The perception that prices are rising in the U.S. contributed to decreasing consumer sentiment to its lowest level in nearly a year through the first few weeks of August. That’s a key takeaway from the University of Michigan’s closely watched Surveys of Consumers, which came out Friday.
With a reading of 95.3, the Index of Consumer Sentiment was down 2.7% from July, 1.5% from August last year, and at the lowest level since September 2017 (95.1). Economists had forecast a reading of around 98. Meanwhile, the Surveys’ related Current Economic Conditions Index tallied 107.8, down 5.8% from July and 2.8% from a year ago. The Index of Consumer Expectations held steady from July (87.3) – perhaps a result of continued strong national employment numbers – but was down a half-percent from a year ago.
The decline in sentiment appears to be a result of consumers’ unfavorable reaction to rising prices, particularly for homes, vehicles and durable household goods. According to the data, consumers voiced the least favorable views on pricing for household durables since October 2008. Similarly, vehicle-buying conditions were viewed less favorably in August than any time in the last four years, with vehicle prices being judged less favorably than any period since the close of 1984. It wasn’t much better regarding home buying conditions, which consumers felt were less favorable than any point in the past ten years.

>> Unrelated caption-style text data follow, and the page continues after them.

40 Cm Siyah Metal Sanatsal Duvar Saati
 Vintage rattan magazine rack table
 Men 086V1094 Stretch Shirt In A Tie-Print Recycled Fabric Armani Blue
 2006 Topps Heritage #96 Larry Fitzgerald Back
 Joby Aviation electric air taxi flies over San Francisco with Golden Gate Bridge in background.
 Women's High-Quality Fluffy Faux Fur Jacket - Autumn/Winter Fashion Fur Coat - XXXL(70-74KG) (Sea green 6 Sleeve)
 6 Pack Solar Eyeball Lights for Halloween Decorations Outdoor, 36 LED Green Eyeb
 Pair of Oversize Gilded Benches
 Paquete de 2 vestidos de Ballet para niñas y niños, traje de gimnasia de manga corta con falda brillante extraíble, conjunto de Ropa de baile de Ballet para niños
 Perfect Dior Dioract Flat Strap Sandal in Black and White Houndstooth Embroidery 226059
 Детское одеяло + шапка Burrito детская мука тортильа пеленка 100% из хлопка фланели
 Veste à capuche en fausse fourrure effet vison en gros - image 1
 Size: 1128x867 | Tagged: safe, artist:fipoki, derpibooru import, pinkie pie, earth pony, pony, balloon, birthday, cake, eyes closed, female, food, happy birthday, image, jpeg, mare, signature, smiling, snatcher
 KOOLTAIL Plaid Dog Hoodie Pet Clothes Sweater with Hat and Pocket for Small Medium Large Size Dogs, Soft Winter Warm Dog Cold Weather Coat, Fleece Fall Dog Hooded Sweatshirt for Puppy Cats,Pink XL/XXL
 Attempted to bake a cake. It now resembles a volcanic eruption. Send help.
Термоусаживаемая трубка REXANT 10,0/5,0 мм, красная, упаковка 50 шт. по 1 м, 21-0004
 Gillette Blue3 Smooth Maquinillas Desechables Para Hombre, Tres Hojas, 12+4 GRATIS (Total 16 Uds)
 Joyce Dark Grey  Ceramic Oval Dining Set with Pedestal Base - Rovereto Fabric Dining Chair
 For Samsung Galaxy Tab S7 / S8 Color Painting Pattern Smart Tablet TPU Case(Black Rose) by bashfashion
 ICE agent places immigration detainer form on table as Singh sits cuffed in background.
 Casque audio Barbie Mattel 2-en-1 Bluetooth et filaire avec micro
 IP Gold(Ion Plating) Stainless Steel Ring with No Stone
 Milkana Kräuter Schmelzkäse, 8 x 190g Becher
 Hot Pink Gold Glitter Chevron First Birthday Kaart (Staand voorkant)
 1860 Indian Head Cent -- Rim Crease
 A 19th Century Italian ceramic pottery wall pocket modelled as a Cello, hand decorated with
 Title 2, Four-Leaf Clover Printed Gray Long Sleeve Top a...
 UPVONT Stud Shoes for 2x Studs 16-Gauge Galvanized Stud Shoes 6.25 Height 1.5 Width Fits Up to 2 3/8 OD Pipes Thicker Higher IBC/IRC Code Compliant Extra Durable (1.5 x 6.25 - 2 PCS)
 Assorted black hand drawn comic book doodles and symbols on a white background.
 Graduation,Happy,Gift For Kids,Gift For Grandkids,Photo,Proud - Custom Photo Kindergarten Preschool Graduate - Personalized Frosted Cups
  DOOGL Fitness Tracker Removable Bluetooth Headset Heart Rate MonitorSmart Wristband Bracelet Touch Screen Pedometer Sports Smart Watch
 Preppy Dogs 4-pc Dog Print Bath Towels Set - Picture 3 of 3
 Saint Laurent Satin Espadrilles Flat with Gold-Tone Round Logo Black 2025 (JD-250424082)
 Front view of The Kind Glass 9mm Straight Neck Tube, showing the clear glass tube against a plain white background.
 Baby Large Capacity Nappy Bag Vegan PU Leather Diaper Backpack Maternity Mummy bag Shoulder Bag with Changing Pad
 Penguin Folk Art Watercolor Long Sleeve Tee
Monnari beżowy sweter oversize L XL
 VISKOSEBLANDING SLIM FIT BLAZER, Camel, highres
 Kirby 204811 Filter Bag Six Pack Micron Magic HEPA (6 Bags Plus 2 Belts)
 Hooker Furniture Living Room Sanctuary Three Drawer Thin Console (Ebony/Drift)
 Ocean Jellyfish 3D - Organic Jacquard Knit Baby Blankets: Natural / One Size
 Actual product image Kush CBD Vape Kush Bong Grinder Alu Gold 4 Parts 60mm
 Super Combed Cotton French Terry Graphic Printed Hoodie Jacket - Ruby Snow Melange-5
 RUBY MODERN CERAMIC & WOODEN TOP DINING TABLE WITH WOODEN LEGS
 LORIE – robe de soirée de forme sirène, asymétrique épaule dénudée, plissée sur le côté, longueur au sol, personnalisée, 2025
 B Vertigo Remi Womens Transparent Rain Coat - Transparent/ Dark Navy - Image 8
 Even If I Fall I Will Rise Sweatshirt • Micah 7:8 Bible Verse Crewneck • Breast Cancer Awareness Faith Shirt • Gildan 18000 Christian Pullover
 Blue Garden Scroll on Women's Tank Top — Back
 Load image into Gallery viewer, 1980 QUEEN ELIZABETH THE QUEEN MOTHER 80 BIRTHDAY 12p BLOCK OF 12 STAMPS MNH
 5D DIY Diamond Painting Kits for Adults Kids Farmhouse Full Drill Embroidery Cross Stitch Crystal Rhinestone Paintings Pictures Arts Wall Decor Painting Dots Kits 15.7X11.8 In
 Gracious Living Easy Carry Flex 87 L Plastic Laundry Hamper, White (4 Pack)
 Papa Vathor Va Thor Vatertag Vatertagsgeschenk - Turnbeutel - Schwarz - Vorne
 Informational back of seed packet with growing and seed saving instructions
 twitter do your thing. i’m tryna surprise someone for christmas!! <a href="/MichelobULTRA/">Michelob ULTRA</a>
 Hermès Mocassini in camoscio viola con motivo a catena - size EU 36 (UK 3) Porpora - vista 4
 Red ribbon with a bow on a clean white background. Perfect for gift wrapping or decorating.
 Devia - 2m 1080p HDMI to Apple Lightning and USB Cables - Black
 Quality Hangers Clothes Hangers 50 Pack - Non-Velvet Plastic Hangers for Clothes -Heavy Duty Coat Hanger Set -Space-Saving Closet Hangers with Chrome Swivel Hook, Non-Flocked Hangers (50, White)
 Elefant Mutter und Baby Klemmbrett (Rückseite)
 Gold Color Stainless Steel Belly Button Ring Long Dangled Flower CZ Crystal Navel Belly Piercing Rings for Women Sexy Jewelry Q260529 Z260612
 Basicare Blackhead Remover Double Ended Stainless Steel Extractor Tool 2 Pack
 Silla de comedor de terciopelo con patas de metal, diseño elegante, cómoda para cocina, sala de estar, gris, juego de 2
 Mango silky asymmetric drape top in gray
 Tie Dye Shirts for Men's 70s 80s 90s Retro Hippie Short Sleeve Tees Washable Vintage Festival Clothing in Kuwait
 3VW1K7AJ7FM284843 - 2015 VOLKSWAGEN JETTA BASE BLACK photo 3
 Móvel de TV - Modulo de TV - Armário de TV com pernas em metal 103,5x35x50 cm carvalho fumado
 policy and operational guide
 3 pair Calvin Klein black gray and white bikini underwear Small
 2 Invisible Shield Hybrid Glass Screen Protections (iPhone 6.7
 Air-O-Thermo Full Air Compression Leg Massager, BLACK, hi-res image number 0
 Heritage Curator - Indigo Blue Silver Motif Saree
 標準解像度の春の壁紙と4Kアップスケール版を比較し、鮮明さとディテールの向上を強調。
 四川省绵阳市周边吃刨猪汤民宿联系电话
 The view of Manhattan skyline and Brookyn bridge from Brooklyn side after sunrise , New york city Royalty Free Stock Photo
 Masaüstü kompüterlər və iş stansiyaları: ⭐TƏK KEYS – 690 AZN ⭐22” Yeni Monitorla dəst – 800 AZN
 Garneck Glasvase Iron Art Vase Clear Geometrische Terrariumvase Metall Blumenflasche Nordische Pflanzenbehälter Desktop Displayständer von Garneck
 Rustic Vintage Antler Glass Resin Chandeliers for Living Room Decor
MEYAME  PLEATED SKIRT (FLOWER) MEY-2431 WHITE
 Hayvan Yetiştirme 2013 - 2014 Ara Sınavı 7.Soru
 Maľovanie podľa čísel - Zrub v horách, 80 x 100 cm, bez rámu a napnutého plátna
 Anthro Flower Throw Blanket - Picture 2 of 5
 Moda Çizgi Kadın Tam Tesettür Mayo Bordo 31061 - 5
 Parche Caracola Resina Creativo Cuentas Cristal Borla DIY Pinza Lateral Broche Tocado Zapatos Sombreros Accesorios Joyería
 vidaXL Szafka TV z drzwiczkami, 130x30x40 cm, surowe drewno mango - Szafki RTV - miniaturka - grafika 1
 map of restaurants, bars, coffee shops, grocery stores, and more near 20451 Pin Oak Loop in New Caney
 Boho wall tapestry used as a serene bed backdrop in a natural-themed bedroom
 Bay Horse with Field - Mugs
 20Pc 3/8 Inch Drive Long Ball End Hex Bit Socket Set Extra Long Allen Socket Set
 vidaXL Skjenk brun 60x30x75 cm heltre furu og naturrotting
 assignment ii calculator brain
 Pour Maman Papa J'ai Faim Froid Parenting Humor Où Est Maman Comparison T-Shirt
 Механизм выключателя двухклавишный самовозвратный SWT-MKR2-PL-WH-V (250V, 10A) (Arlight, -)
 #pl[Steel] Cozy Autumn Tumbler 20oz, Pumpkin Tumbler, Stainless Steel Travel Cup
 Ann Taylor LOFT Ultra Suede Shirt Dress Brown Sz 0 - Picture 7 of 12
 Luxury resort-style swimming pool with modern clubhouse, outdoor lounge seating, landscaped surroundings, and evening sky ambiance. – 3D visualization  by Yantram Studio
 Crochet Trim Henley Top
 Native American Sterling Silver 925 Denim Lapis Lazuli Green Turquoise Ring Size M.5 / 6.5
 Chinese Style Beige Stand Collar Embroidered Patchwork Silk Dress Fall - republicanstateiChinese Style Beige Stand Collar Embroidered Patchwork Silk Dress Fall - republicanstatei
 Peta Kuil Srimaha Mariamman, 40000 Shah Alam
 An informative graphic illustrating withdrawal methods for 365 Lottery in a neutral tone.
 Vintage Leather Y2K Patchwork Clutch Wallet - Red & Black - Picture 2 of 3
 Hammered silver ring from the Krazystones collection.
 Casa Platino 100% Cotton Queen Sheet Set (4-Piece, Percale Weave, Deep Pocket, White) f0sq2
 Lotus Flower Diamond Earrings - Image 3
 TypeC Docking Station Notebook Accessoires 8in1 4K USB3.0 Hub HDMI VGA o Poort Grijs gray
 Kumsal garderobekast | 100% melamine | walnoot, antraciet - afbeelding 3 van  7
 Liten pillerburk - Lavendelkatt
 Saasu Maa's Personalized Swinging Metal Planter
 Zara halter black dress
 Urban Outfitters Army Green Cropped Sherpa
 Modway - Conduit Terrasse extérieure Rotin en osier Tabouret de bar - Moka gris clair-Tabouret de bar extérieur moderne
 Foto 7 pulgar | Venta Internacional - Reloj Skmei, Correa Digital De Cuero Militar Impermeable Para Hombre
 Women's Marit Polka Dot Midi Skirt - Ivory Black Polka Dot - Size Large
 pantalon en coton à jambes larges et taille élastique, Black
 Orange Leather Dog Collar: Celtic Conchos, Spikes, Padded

“The data suggest that consumers have become much more sensitive to even relatively low inflation rates than in past decades,” said Richard Curtin, chief economist for the Surveys of Consumers. “As is usual at this stage in the business cycle, some price resistance has been neutralized by rising wages, although the falloff in favorable price perceptions has been much larger than ever before recorded. Overall, the data indicate that consumers have little tolerance for overshooting inflation targets.”
The news on August consumer sentiment comes shortly after an Aug. 15 report from the Commerce Department that indicated that national retail sales rose more than anticipated in July, with households increasing purchases of motor vehicles and clothing. The Commerce Department said retail sales increased 0.5% -- better than the 0.1% economists had forecast. Amazon’s “Prime Day” promotion likely helped bolster sales.
Elsewhere, manufacturing activity in the U.S. again expanded in July, according to data from the Institute for Supply Management. However, the growth was slower than in June. ISM indexes gauging production and new orders in July were down from June, too.
As for consumer sentiment, Curtin and his team for the Surveys of Consumers plan to release final numbers for this month on August 31.